Died: February 22, 1995
Bob Trent, along with myself, Jim Cole, Barry Gradman, Jon Lovell and several others, slogged together through the English Major at Williams, which included the erratic teaching and grading of Logan, the nervous yet arrogant ineptitude of young professors whose names I don’t want to remember, the savage brilliance of Samuels and Hunt, the genteel guidance of Gifford and Stocking and the warm, humor-filled lectures of Larry Graver. We were all friends in the sense of teammates, or platoon buddies, suffering what we later learned was a department as chaotic and divided as we were in our own lives.

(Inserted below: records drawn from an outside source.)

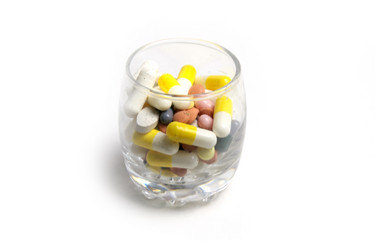 Similar image 1917075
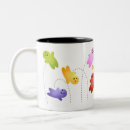 Search for candy sweets mugs Confectionery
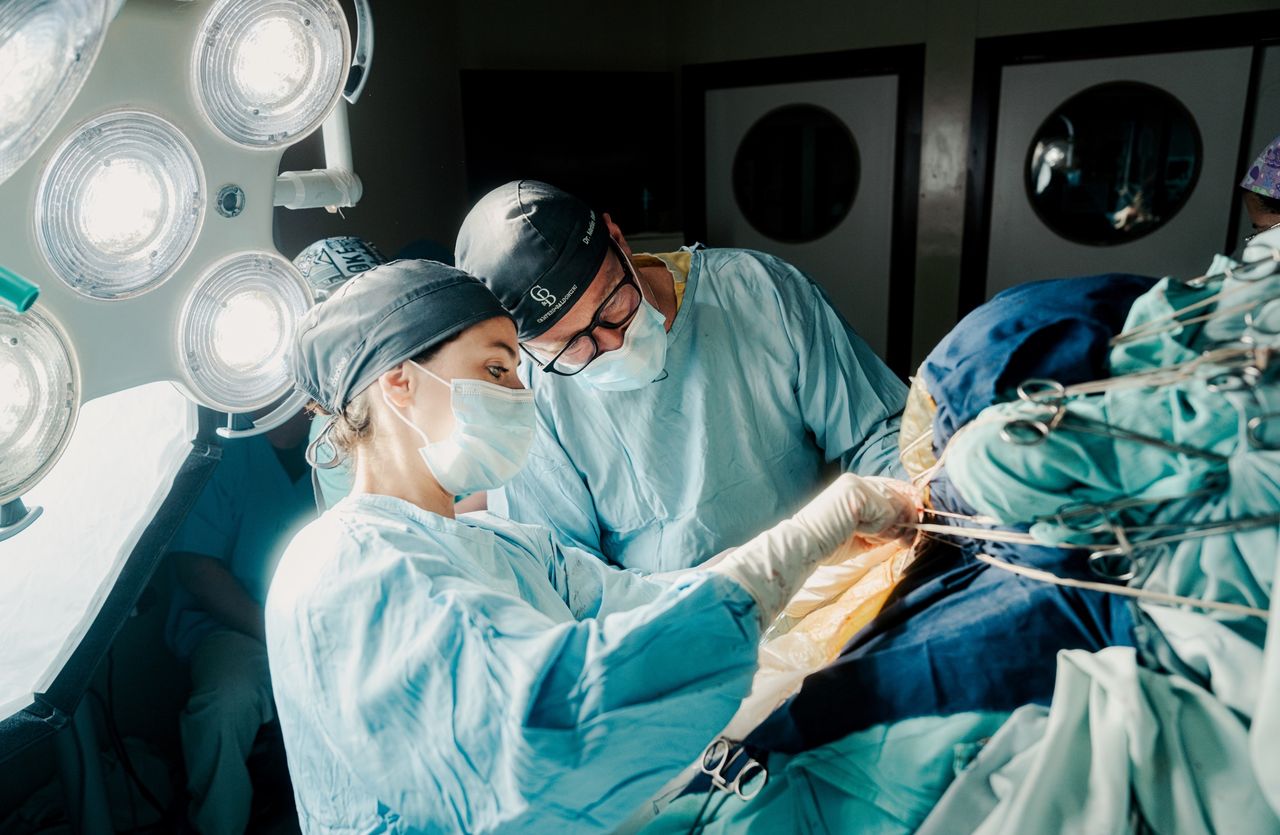 Mickaela Echavarria Demichelis-11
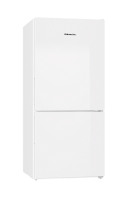 Miele Freestanding fridge-freezer with Frost free and Dynamic cooling Photo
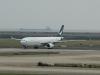 Airbus A 330 von Cathay Pacific Airbus A 330 von Cathay Pacific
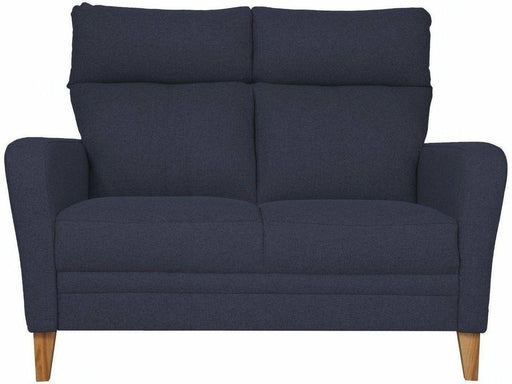 Eliana 2-istuttava sohva - Huonekalukauppa.net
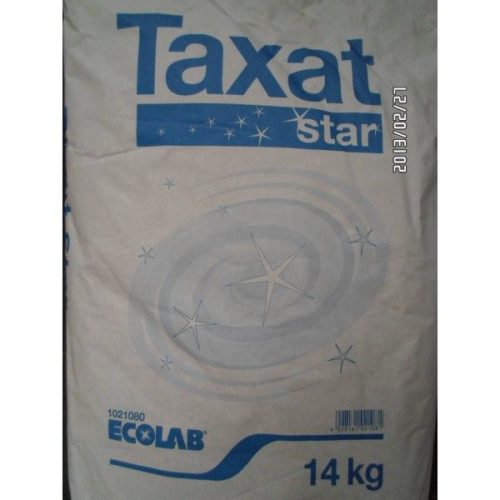 Taxat Star Mosópor 14kg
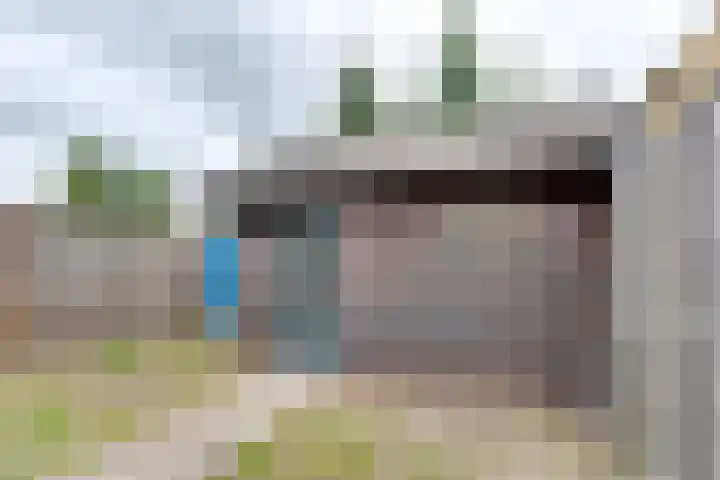 Groene Woud 73 Oudenbosch thumbnail 51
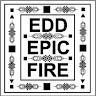 Edd EpicFire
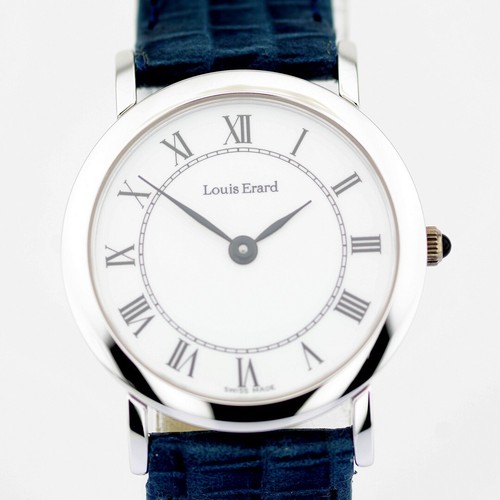 Louis erard - louis,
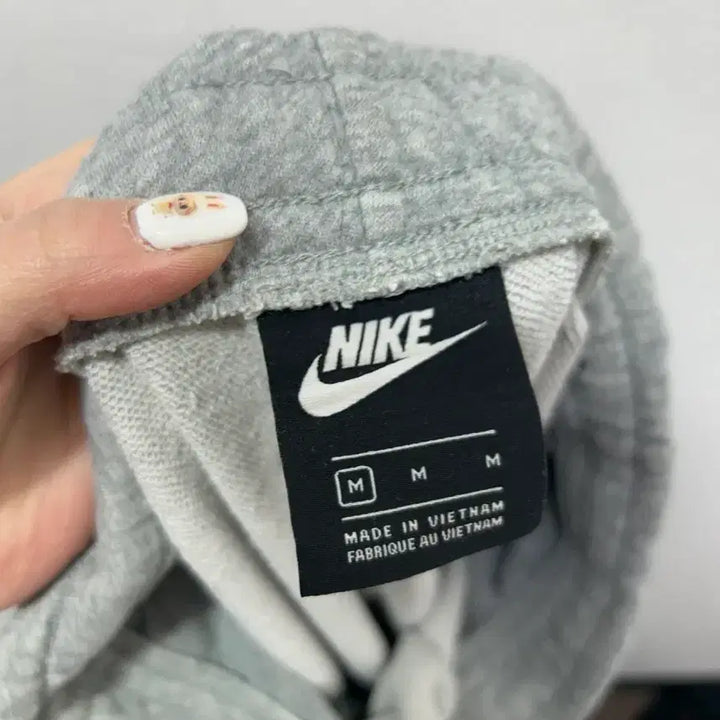 [BUNJANG] Nike Wide Training Pants (M) / 나이키 와이드 트레이닝복 바지 M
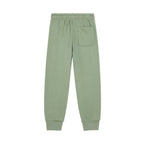 Junior's Jogger Pants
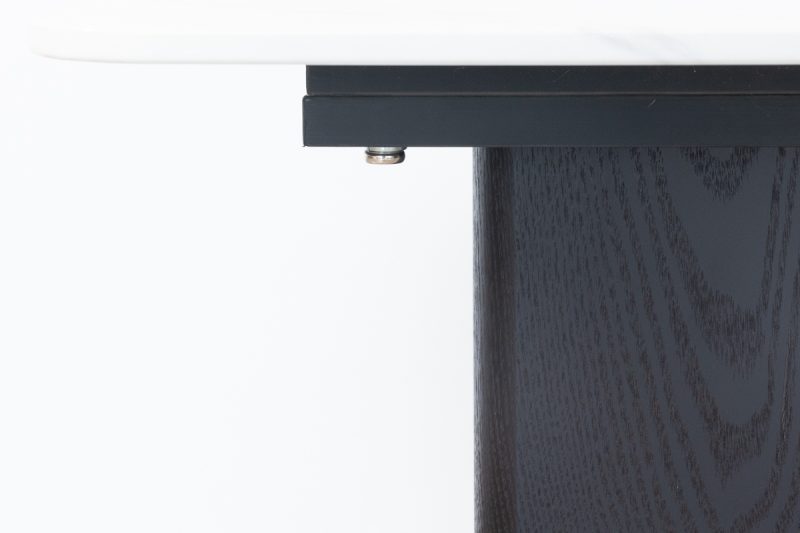tulip end table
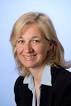 Susanne Dieterle-Hautmann - susanne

Like many college friends, Bob and I never saw each other after graduation. However, many years later I found myself sitting in my gallery’s office in New York with a new edition of the Alumni Directory. I looked in the location index and scanned the many names of alums in the city, stopping on Bob’s. That afternoon I wrote him a short note suggesting we get together for lunch sometime. In a few weeks, I received his reply, many pages in his characteristic scrawl, which, like his thinking process, rambled all over the place.
The letter was a condensed auto-biography, starting in the summer of ’67 and ending in the present. Funny, self-wounding, and frank, he shared with me the pain of his brief love affair with a star of the class of ’68, his infatuation with a young porn star in Hollywood, his struggle to write gay fiction, and he ended with the chilling warning that he was not ready to let me see him in his present condition. Always a little naive and behind the curve, I didn’t know exactly what he meant, but some months later I read his obituary, and finally figured it out. I regret that I didn’t dismiss his warning and persevere in seeing him. It would have done us both good to say goodbye. Now, when I learn of a colleague’s or friends illness, I don’t hesitate, and so was lucky enough to exchange some thoughts with Kirk Varnedoe before he too left us.